December 7, 2016 (Wednesday)

by Yule Heibel on December 6, 2017

Who are we writing for?

Someone I’m Facebook friends with got into another flamewar with one of his Facebook friends over politics. The FOAF-person who posted the original article which offended my Facebook friend then wrote (but sadly, deleted) in his defence of having posted an opinion perceived as controversial by my Facebook friend that he (the FOAF) posts a lot to Facebook to “confuse its algorithm.”

I find this shocking. So now we are “engaging” on social media (and writing, politicizing, and thinking) to outfox an algorithm?

Seriously, wtf?

How is this affecting us, changing our brains, if we’re now posting and writing (and therefore thinking) with an eye to the algorithm (versus persons)?

People: the algorithm can continue infinitely, it never tires. We do, however.

The algorithm can outfox us infinitely, too. We’ll never outfox it. If we “play” by its rules, we’re fucked, a priori. I was reminded also of earlier “advice,” which now in retrospect seems right in line with the algorithm critique I’m trying to articulate here, that we should always “like” our own posts since doing so would drive them up in the feeds of others. Again, a “hack” to outfox the algorithm. I still see my one of my Facebook friends doing this, slavishly, on every one of his posts. (A slave to the algorithm…)
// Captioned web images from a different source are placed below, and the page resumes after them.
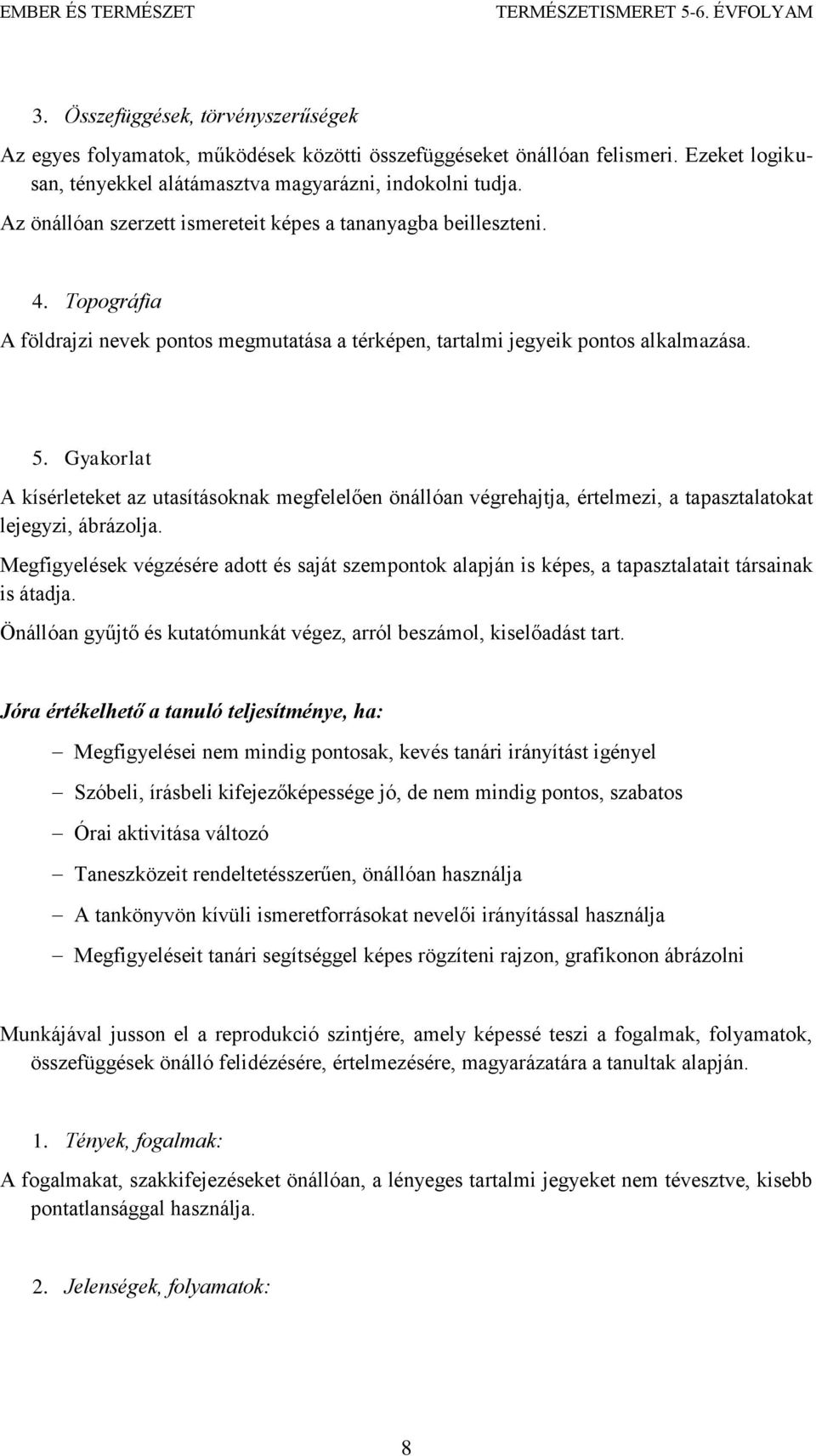 Gyakorlat A kísérleteket az utasításoknak megfelelően önállóan végrehajtja, értelmezi, a tapasztalatokat lejegyzi, ábrázolja.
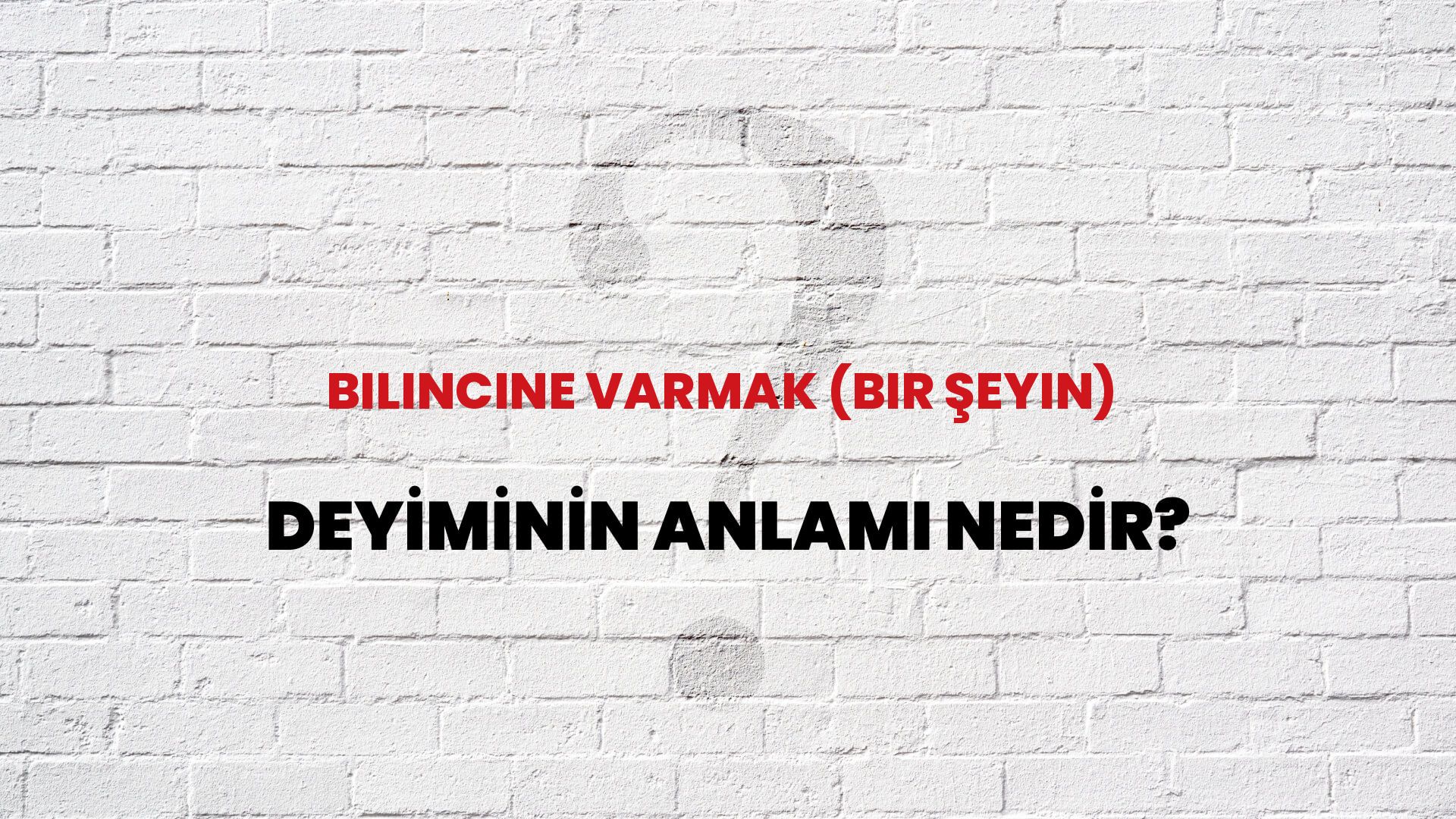 Bilincine Varmak (Bir Şeyin) Deyiminin Anlamı Nedir?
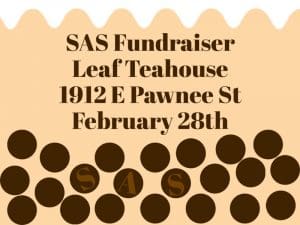 Graphic with the text, "SAS Fundraiser, Leaf Teahouse, 1912 E Pawnee St, February 28th."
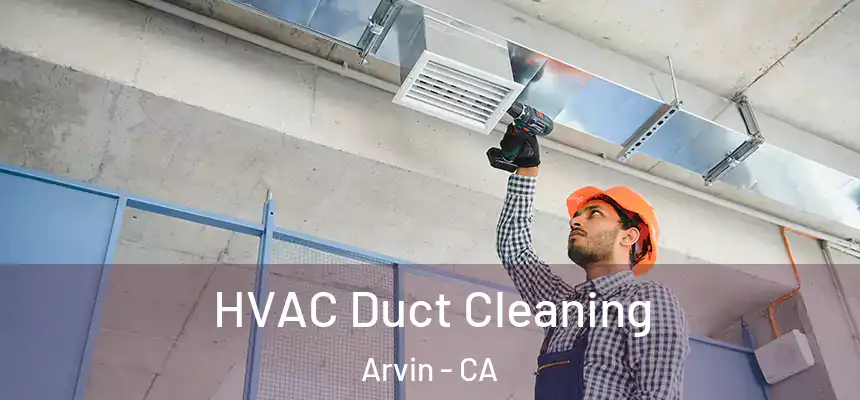 HVAC Duct Cleaning Arvin - CA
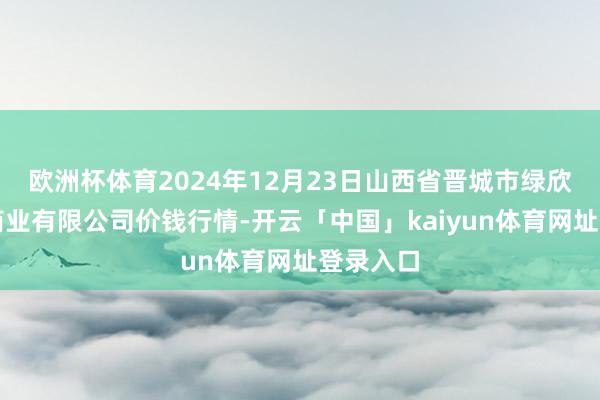 欧洲杯体育2024年12月23日山西省晋城市绿欣农产物商业有限公司价钱行情-开云「中国」kaiyun体育网址登录入口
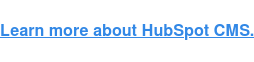 Learn more about HubSpot CMS.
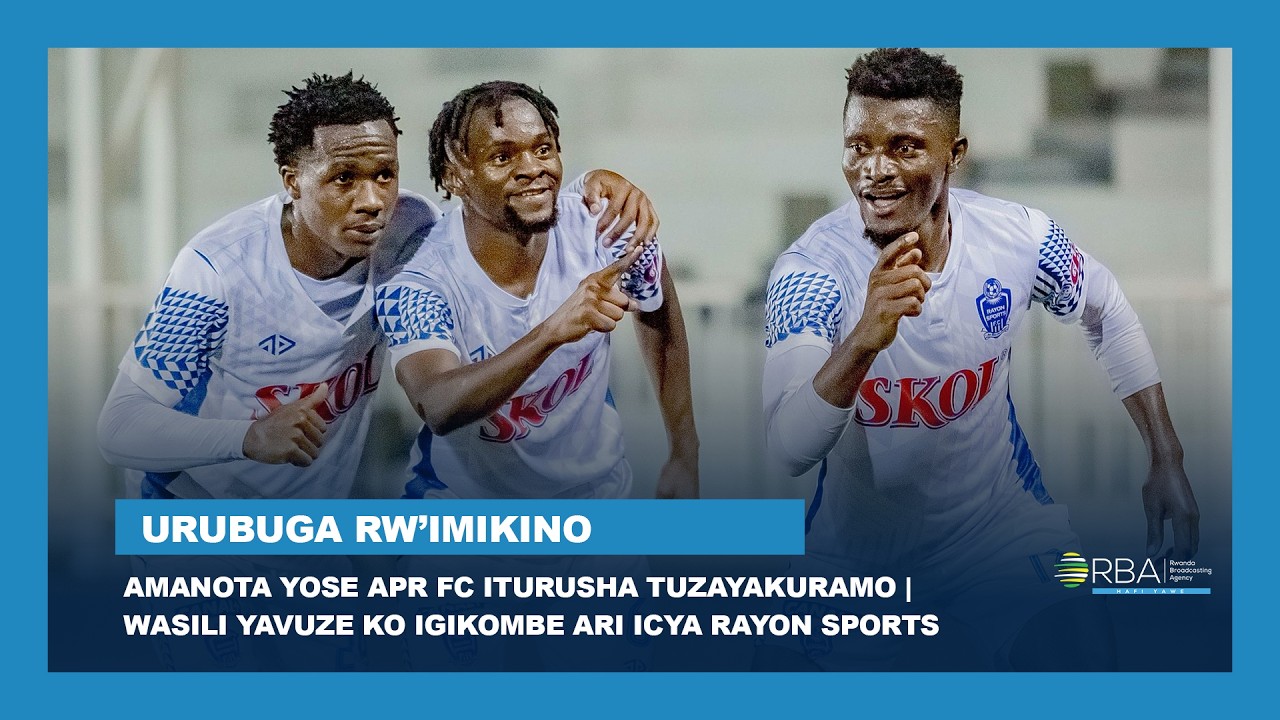 Amanota yose APR FC iturusha tuzayakuramo - Wasili yavuze ko igikombe ari icya Rayon Sports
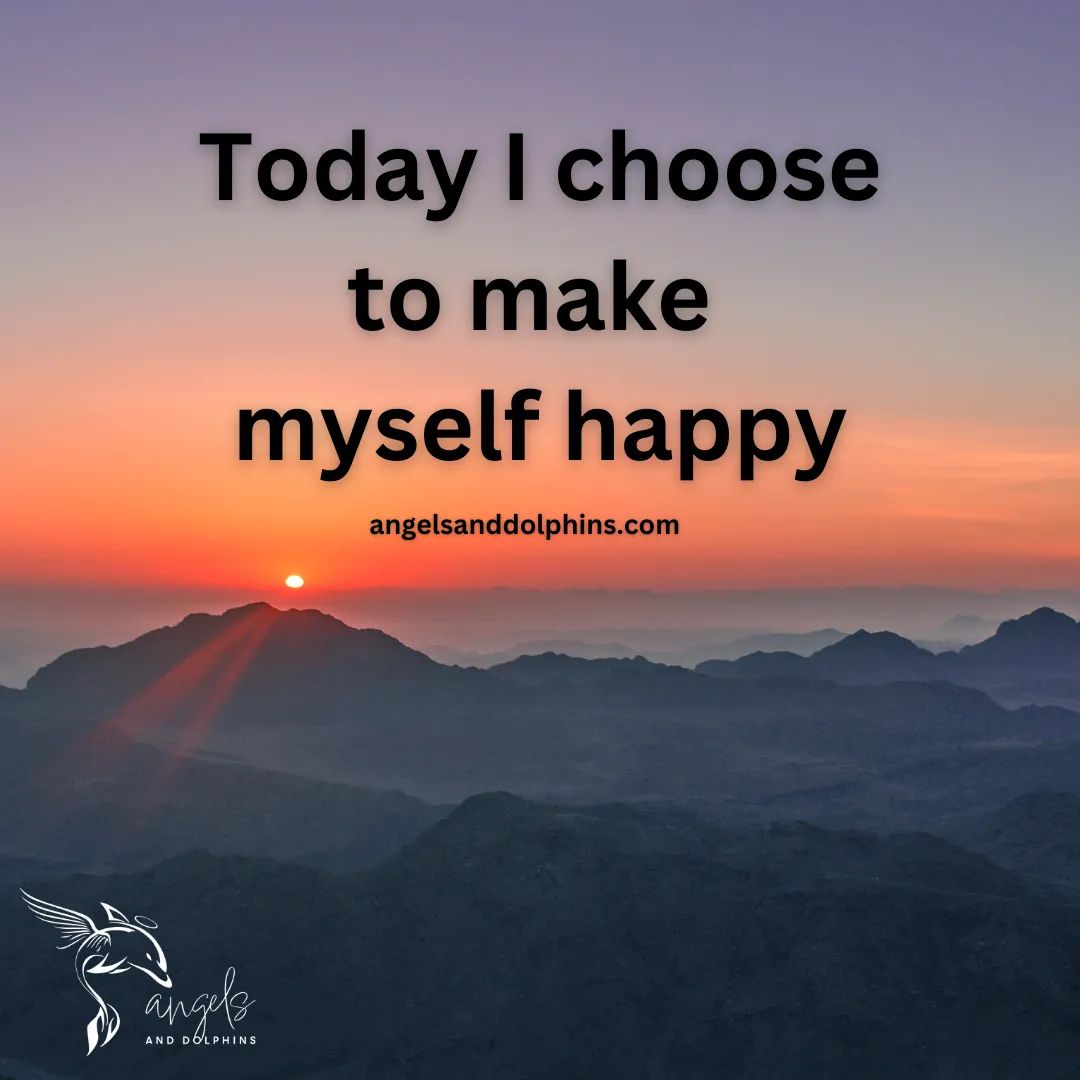 <Today I choose to make myself happy> affirmation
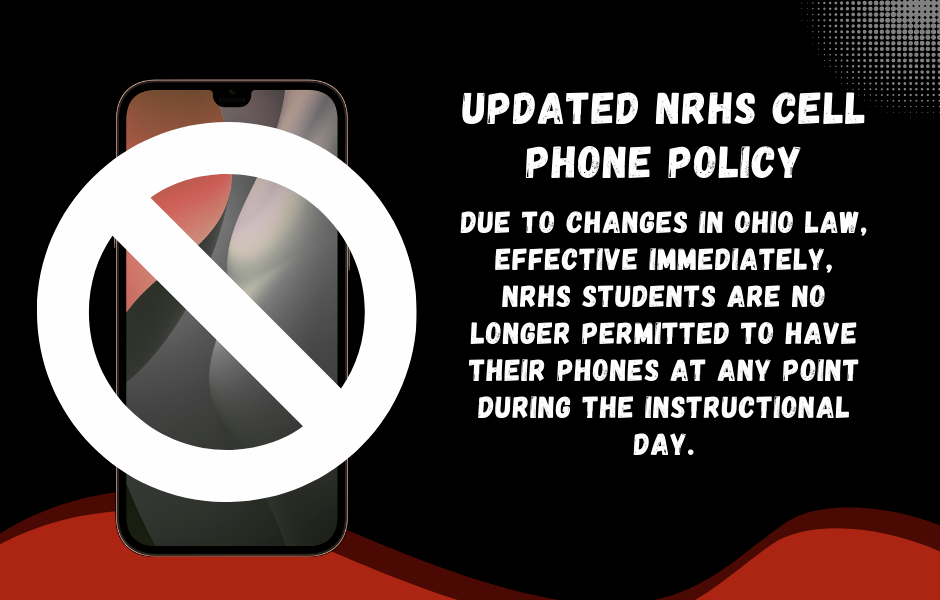 NREVSD cell phone policy graphic. Due to state law changes, students will not be permitted to have phones at any point during the instructional day.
Yesterday, when I saw my Facebook friend’s post (and stupidly didn’t screenshot it right away, nor the FOAF’s pre-edit responses), I also got, via email, one of Nir Eyal’s newsletters wherein he describes how, post-election, online news made him crazy, and what he did about it. Eyal points out that online news is “open,” which echoes what I’m saying about the infinite nature of the algorithm. It wants to keep you coming back again and again, so it never “closes” or finishes. In a high-tension environment, this can keep you clicking to “refresh” (but actually read the same things over and over) again and again and again, till you’re practically going bonkers. Eyal’s “cure” was to limit himself to actual, physical, printed newspapers for news. He wrote that the newspaper is curated, edited, and “finished,” sent out as a complete product. You read it, then fold it up, and put it away. You’re done.

You achieve completion. With the algorithm, I might add, there is no completion. It goes on forever.

What do want to be mentally? Completely torn apart, or at least semi-composed, completed? Restless, or at rest?